The basic algorithm goes like this, given a tree (hierarchy) that looks roughly like
this (forgive the ASCII art--I hope you are using a fixed font to view this):
a
/ \
/ \
/ \
b c
/ \ /|\
/ \ / | \
/ \ / | \
d e f | g
Note, that the tree need not be balanced for this algorithm to work.

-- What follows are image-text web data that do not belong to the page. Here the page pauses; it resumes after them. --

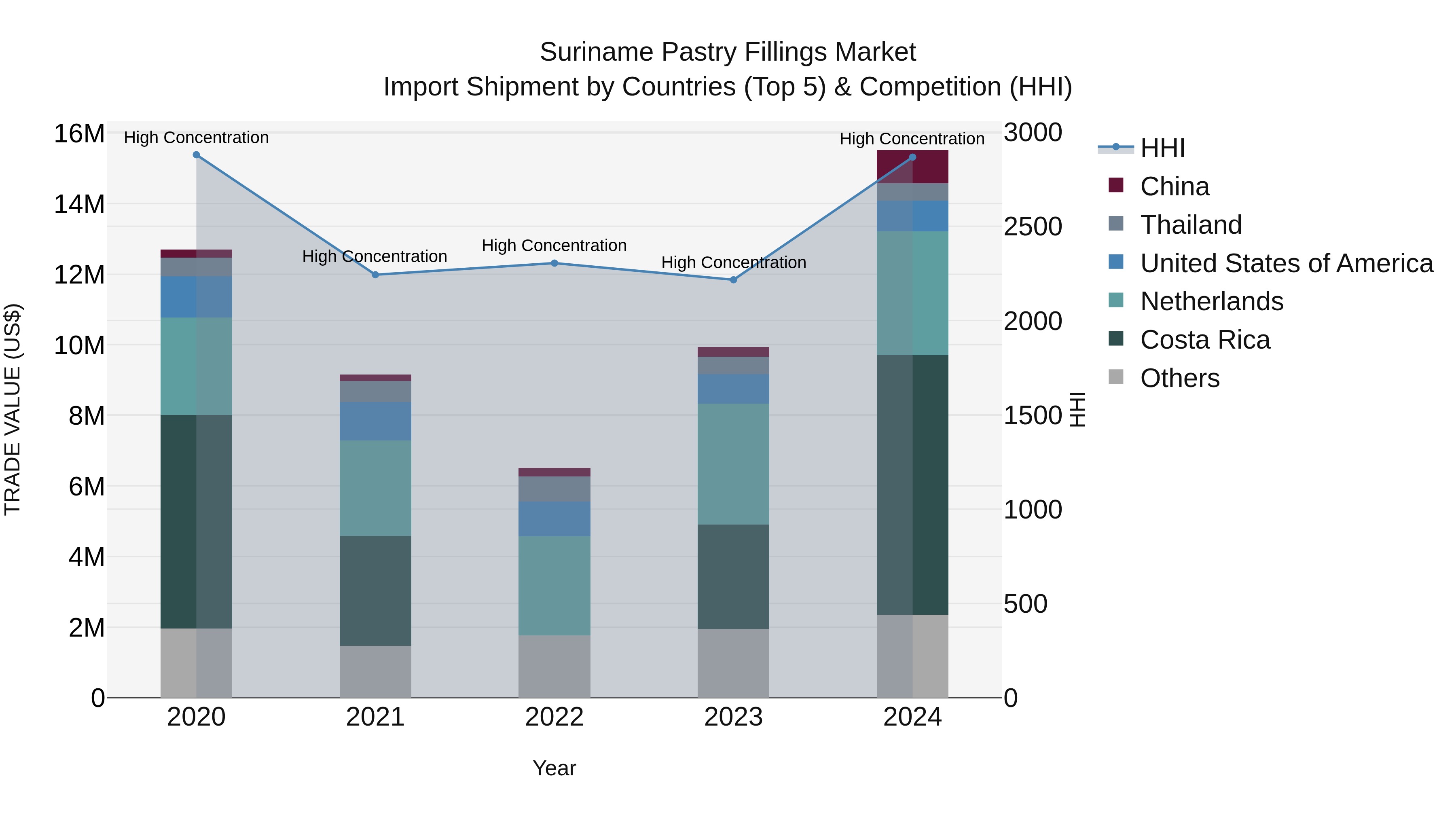 Suriname Pastry Fillings Market: Top 5 Importing Countries and Market Competition (HHI) Analysis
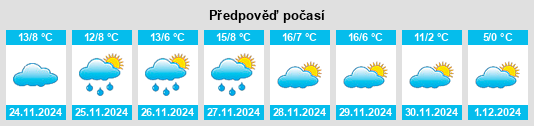 Výhled počasí pro místo Turégano na Slunečno.cz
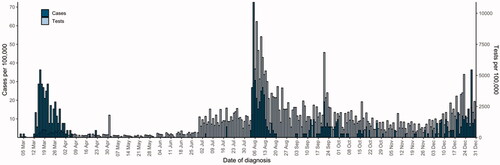 Figure 2. Overview of the COVID-19 epidemic in the Faroe Islands in 2020. All confirmed COVID-19 cases and RT-PCR tests are shown here illustrating the course of the COVID-19 epidemic in the Faroe Islands during 2020. Note, that there are two separate y-axes. There were four spikes of cases in all, with especially large spikes during March–April, August and December and a smaller increase in September. Testing was high during the whole epidemic but increased markedly in August and onwards as a response to a second wave.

The next step assigned two numbers to each node in the tree, called left and right
numbers, such that the left and right numbers of each node contain the left and right
numbers of the ancestors of that node (I'll get into the algorithm for assigning these
left and right numbers later, but, hint: use a depth-first search):
1a16
/ \
/ \
/ \
2b7 8c15
/ \ /|\
/ \ / | \
/ \ / | \
3d4 5e6 9f10 11g12 13h14
Side Note: The careful observer will notice that these left and right numbers look an
awful lot like a B-Tree index.
So, you will notice that all of the children of node 'a' have left and right numbers
between 1 and 16, and likewise all of the children of 'c' have left and right numbers
between 8 and 15. In a slightly more relational format this table would look like:
Table: hier
node parent left_nbr right_nbr
----- ------ -------- ---------
a NULL 1 16
b a 2 7
c a 8 15
d b 3 4
e b 5 6
f c 9 10
g c 11 12
h c 13 14
So, given a node name, say @node (in Sybase variable format), and you want to know all
of the children of the node you can do:
SELECT h2.node
FROM hier h1,
hier h2
WHERE h1.node = @node
AND h2.left_nbr > h1.left_nbr
AND h2.left_nbr < h1.right_nbr
If you had a table that contained, say, the salary for each node in your hierarchy
(assuming a node is actually a individual in a company) you could then figure out the
total salary for all of the people working underneath of @node by doing:
SELECT sum(s.salary)
FROM hier h1,
hier h2,
salary s
WHERE h1.node = @node
AND h2.left_nbr > h1.left_nbr
AND h2.right_nbr > h1.right_nbr
AND s.node = h2.node
Pretty cool, eh? And, conversely, if you wanted to know how much it cost to manage
@node (i.e. the combined salary of all of the boss's of @node), you can do:
SELECT sum(s.salary)
FROM hier h1,
hier h2,
salary s
WHERE h1.node = @node
AND h2.left_nbr < h1.left_nbr
AND h2.left_nbr > h1.right_nbr
AND s.node = h2.node
Now that you can see the algorithm in action everything looks peachy, however the
sticky point is the method in which left and right numbers get assigned. And,
unfortunately, there is no easy method to do this relationally (it can be done, it just
ain't that easy). For an real- world application that I have worked on, we had an external
program used to build and maintain the hierarchies, and it was this program's
responsibility to assign the left and right numbers.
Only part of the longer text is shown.